Tongs aux pieds, Marie-Hélène faufile sa frêle silhouette dans les décombres de l'ancien presbytère de la tribu, situé en haut de la colline. "Voilà, c'est là. C'est là que mon frère a été abattu comme un chien. 10 juillet 2024. Bam, bam, bam", répète-t-elle en mimant le bruit des balles. Ce jour-là, Rock Victorin Wamytan, surnommé "Banane" ou "Colonel", a été tué dans un échange de tirs avec les gendarmes. Un "tir de riposte", a expliqué à l'époque le procureur de la République de Nouméa.

Le père de famille de 38 ans, qui venait de passer dix années en prison, est soupçonné d'avoir commis plusieurs car-jackings armés lors des émeutes du printemps 2024. "Il était dans sa bulle, il ne m'écoutait pas. Je m'en veux de ne pas avoir réussi à le raisonner à temps, bredouille sa grande sœur, en levant haut les jambes pour affronter les trente centimètres d'herbes folles. Son absence continue de me perturber." Désormais, c'est donc au cimetière que Marie-Hélène "parle" à son frère. Sa tombe est facilement reconnaissable : d'immenses drapeaux bleu, rouge et vert de la Kanaky flottent au vent.

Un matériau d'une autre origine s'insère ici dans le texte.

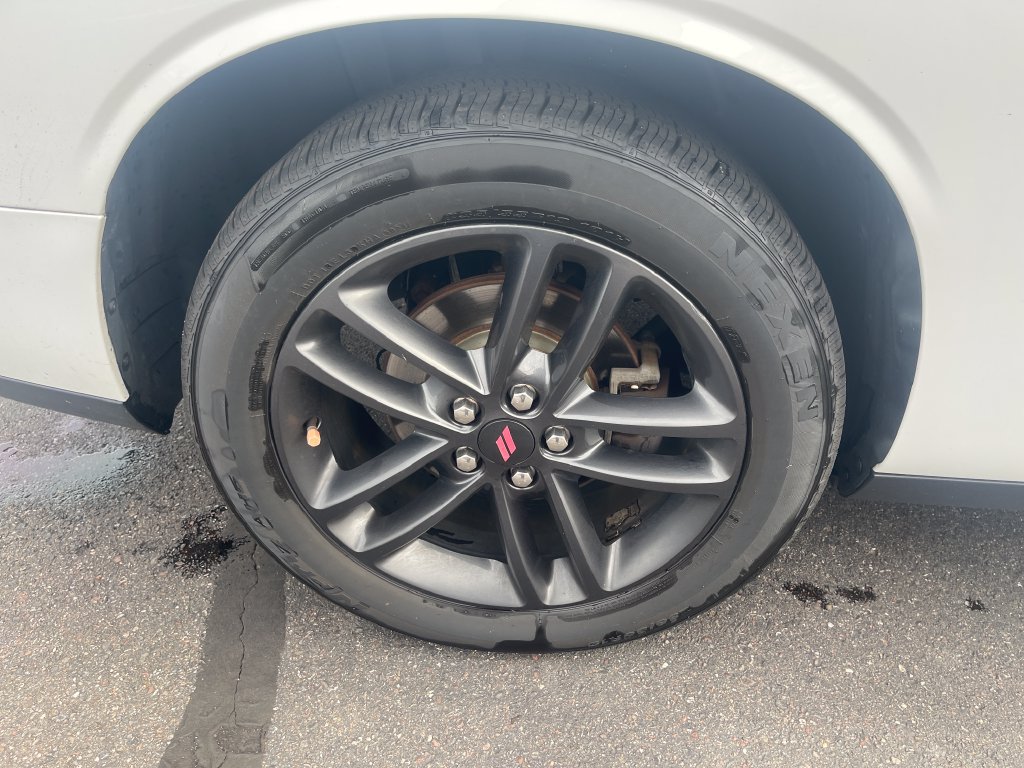Used 2019 Dodge Challenger GT w/ Blacktop Package AWD/4WD image 10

Marie-Hélène se recueille sur la tombe de son frère, Rock Victorin Wamytan, le 26 avril 2025, dans le cimetière de la tribu de Saint-Louis (Nouvelle-Calédonie). (RAPHAEL GODET / FRANCEINFO)
Marie-Hélène se recueille sur la tombe de son frère, Rock Victorin Wamytan, le 26 avril 2025, dans le cimetière de la tribu de Saint-Louis (Nouvelle-Calédonie). (RAPHAEL GODET / FRANCEINFO)

Malgré les mois qui passent, le deuil paraît impossible. Marie-Hélène ne s'en cache pas, elle a "de la haine pour les gendarmes qui ont tiré". Elle exige "une enquête", "un procès", "des sanctions contre ceux qui ont fait ça". "Je vivrai avec ce sentiment d'injustice jusqu'à ma mort. Pourquoi la France nous tue-t-elle ? Pourquoi la France tue-t-elle nos jeunes ?", crie-t-elle, yeux rougis et mâchoire serrée. Elle a fini par peindre sa douleur en grosses lettres rouges sur un bâtiment de la tribu : "Qui de vous a donné l'ordre d'assassiner mon frère ?"

"Comme si c'était la guerre"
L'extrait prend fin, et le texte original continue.